Fighting a monster
-
I started to dive in a new (for me) very large code base. One of the files is 9500 lines. Got me wondering: what's the largest single source file you ever met? I'm not talking about automatically generated source files, but those written by humans. On the same note, when do you think it's time to break a file in smaller pieces? For me, it is somewhere around 1000 lines.
Mircea
-
I started to dive in a new (for me) very large code base. One of the files is 9500 lines. Got me wondering: what's the largest single source file you ever met? I'm not talking about automatically generated source files, but those written by humans. On the same note, when do you think it's time to break a file in smaller pieces? For me, it is somewhere around 1000 lines.
Mircea
Line count is not a default metric for me. If all the code is concise and organized well and has purpose, who cares about line count...I don't.
-
I started to dive in a new (for me) very large code base. One of the files is 9500 lines. Got me wondering: what's the largest single source file you ever met? I'm not talking about automatically generated source files, but those written by humans. On the same note, when do you think it's time to break a file in smaller pieces?
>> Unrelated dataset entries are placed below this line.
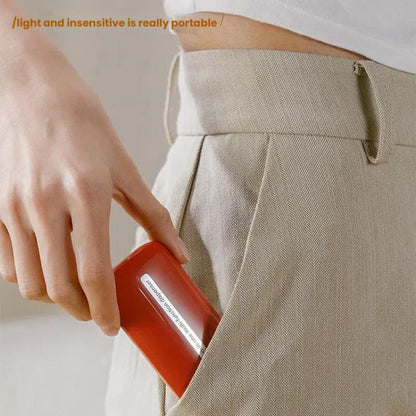 Lightweight Pill Cutter Box Portable Tablet Cutting Dispensing Pill Box(Matcha Green) by bashfashion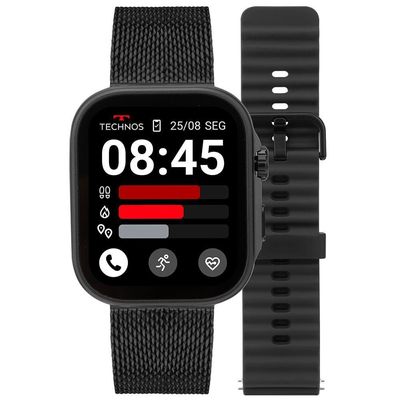 Smartwatch Technos Connect Max Call Preto - Tmaxcaa/9p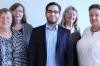 Christoph Müller tritt als Bürgermeisterkandidat für die SPD in Triefenstein an. Das Foto zeigt ihn mit (von links) Ingeborg Behl (Fraktionsvorsitzende im Gemeinderat), Barbara Bartsch (Vorstandsmitglied), Beate Träger (Gemeinderatsmitglied) und Eva-Maria Brandstädter (Vorstandsmitglied).
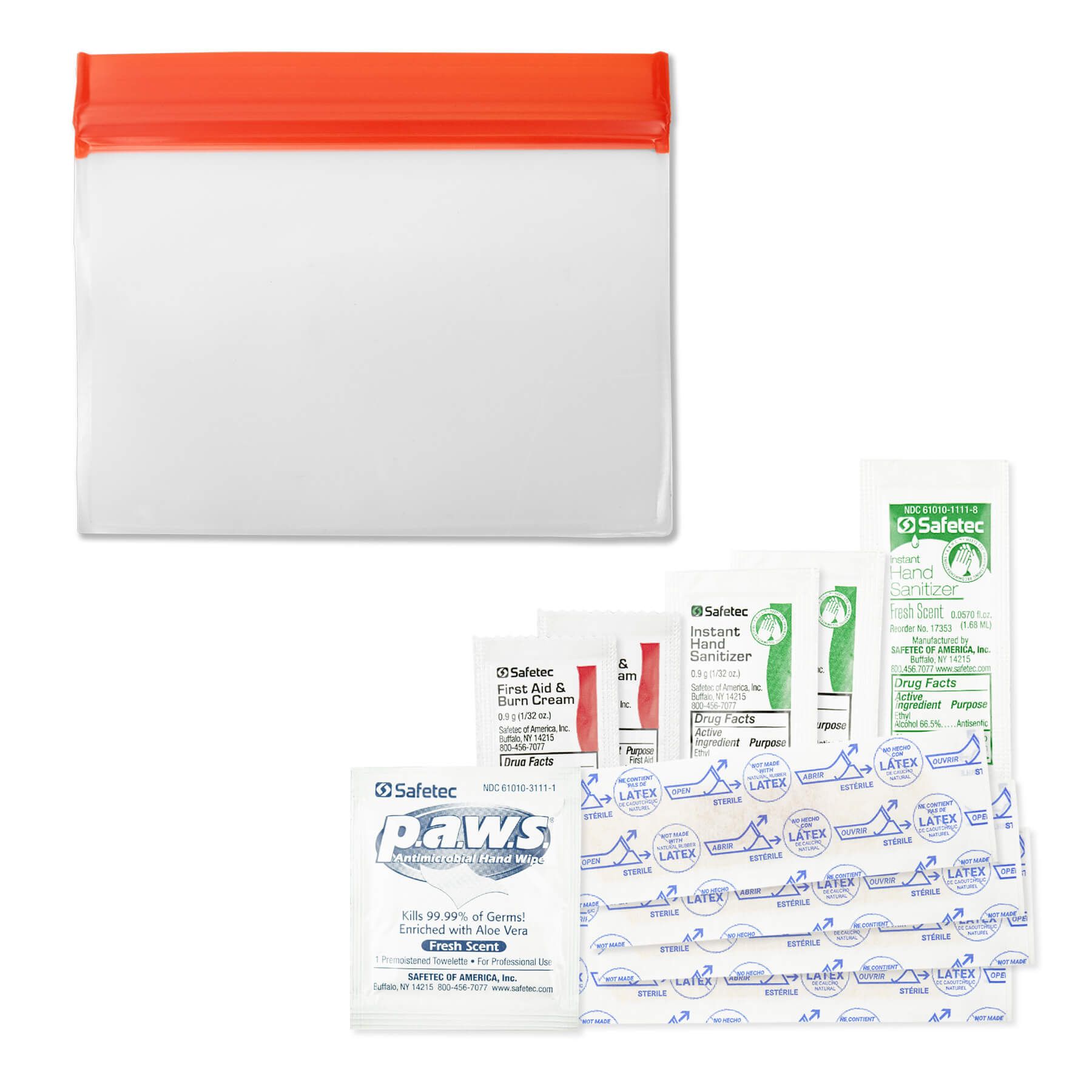 Clear with Red Zip Lock Blank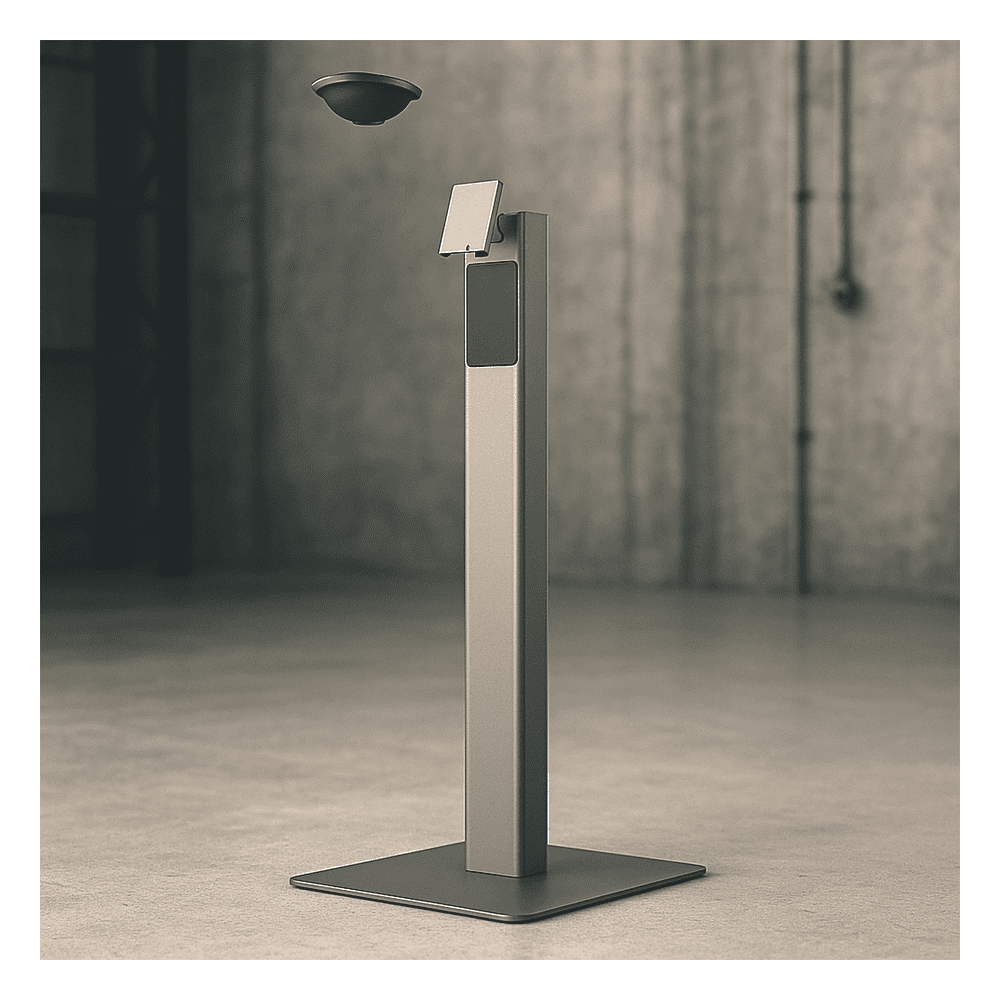 Soporte de Piso FLEX 3 Lite / Estructura Metálica / Base de Placa Pesada / Peso Neto Stand 5.51 kg (12.1 lb) / Peso Neto Plate 15.1 kg (33.3 lb) FLEX3-LITE-FLOOR-STAND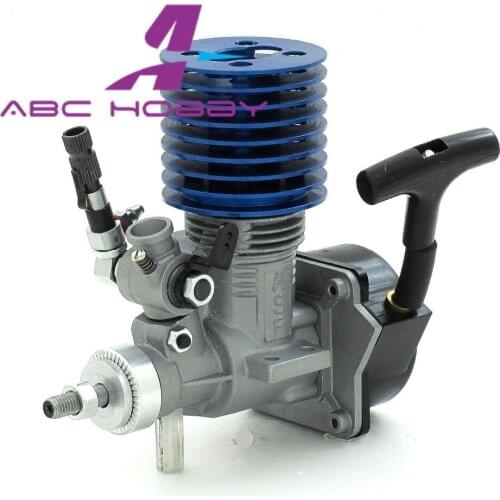 ASP 12CX Two Stroke 2-Stroke methanol Nitro Engine with Pull Starter 2cc for 1/10 1/12 RC Car Model RC hobby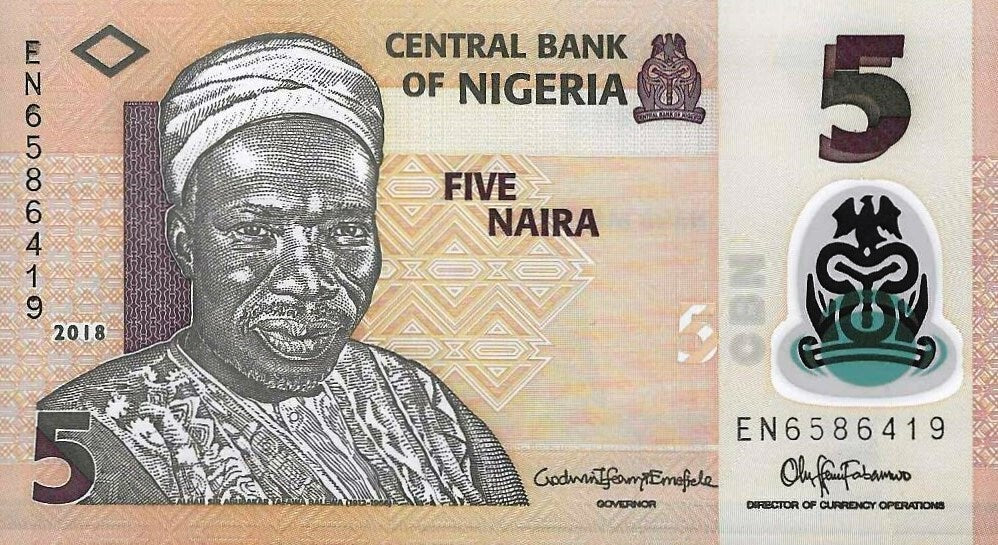 Nigeria - 5 Naira 2018 (# 38i)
For me, it is somewhere around 1000 lines.
Mircea
Well, one of the worst I ever saw had a single method that had over 25K lines. It was so convoluted, it blew up the Cyclomatic Complexity calculations.
-
I started to dive in a new (for me) very large code base. One of the files is 9500 lines. Got me wondering: what's the largest single source file you ever met? I'm not talking about automatically generated source files, but those written by humans. On the same note, when do you think it's time to break a file in smaller pieces? For me, it is somewhere around 1000 lines.
Mircea
Oil and gas FORTRAN programs would typically run that long. No comments. 8 letter names. Engineers. My source gets split when it's description gets too cumbersome (indicating code smell): e.g. "the charge, pursuit, retreat adapter".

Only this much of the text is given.